In the 4th anniversary of Luca Coscioni’s death, Nobel Laureate Ivar Giaever remembers their meeting at the Founding Session of the World Congress for Freedom of Scientific Research in 2004.
In February 2001 I became aware of Luca Coscioni and his plight with amyotrophic lateral sclerosis, because he wrote me an email. He told me that in Italy basic research looking for a cure was not allowed because human embryos would be involved. Since the catholic religion dominates Italy, I did not think it was proper for me to take any action. Later I got an invitation from, I believe, Marco Cappato who made me aware of the fact that there were forces in the United Nation who tried to prevent freedom of research. He invited me to participate in a conference in Rome about the subject, and I accepted, as I thought maybe I could add to the cause.

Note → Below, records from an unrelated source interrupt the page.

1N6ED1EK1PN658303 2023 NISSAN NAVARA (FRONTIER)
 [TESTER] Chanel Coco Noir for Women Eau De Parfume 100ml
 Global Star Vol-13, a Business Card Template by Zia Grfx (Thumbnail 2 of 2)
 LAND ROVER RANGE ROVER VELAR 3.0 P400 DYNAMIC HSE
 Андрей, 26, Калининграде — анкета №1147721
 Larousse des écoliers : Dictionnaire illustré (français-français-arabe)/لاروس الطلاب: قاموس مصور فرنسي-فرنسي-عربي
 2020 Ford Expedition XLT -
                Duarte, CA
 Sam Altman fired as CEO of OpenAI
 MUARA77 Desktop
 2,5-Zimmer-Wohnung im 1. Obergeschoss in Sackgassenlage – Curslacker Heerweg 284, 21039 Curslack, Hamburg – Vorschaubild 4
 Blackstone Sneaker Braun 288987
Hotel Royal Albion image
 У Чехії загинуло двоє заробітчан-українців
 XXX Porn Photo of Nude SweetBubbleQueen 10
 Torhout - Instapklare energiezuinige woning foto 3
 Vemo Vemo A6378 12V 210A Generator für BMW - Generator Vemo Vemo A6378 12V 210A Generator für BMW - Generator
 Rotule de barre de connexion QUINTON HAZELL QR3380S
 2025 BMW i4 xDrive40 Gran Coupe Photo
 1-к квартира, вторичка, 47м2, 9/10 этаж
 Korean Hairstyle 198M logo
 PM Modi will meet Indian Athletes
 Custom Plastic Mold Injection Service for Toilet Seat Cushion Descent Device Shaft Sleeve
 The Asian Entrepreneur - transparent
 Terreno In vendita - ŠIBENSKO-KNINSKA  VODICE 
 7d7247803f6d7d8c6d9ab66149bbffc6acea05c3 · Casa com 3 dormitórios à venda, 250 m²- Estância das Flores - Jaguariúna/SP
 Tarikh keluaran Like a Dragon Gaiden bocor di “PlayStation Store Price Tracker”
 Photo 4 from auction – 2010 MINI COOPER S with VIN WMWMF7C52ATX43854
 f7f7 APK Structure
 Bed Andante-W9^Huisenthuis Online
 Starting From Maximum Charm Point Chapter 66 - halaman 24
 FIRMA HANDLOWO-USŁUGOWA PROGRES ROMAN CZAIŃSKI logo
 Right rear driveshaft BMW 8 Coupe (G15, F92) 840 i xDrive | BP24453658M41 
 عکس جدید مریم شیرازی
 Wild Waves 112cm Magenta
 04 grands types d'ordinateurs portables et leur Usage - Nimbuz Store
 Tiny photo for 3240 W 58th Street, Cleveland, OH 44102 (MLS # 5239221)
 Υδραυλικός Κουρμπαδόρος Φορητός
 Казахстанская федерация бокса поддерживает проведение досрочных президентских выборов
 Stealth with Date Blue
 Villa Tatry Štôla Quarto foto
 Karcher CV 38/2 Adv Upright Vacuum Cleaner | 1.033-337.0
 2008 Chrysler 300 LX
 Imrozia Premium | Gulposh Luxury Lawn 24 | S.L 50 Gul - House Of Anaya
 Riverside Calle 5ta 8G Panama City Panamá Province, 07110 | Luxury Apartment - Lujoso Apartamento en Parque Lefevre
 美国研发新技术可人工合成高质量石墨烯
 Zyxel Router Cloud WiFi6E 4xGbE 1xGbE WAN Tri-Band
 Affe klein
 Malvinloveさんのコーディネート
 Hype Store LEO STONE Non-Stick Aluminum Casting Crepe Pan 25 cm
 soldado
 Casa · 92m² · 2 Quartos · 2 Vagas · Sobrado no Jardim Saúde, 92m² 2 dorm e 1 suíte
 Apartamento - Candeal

At the meeting, which took place in Italian, but with translation, I remember being somewhat confused, as I was unsure about what exactly my role should be. Luca Coscioni participated in the meeting, and spoke through a voice synthesizer, which made a deep impression on me. I also gave a short power point talk pointing out that science, i.e. stem cells research, played a part in the Bush-Kerry election that year. And I concluded with: United Nation must support stem cell research because:
1. Basic research uncovers facts.
2. Knowledge is always good.
3. Because of past research, we are alive today.
4. By encouraging stem cell research, sick people will be given hope.
5. And millions of people might be cured in the future

After the meeting I talked with several parents of handicapped children who was desperately looking for a glimmer of hope. There have not been any restriction on what research you can do in USA, but you need money to perform research, mostly from the Federal Government. During the Bush area the money for stem cell research was restricted, the Obama administration has opened up federal money for unrestricted stem cell research.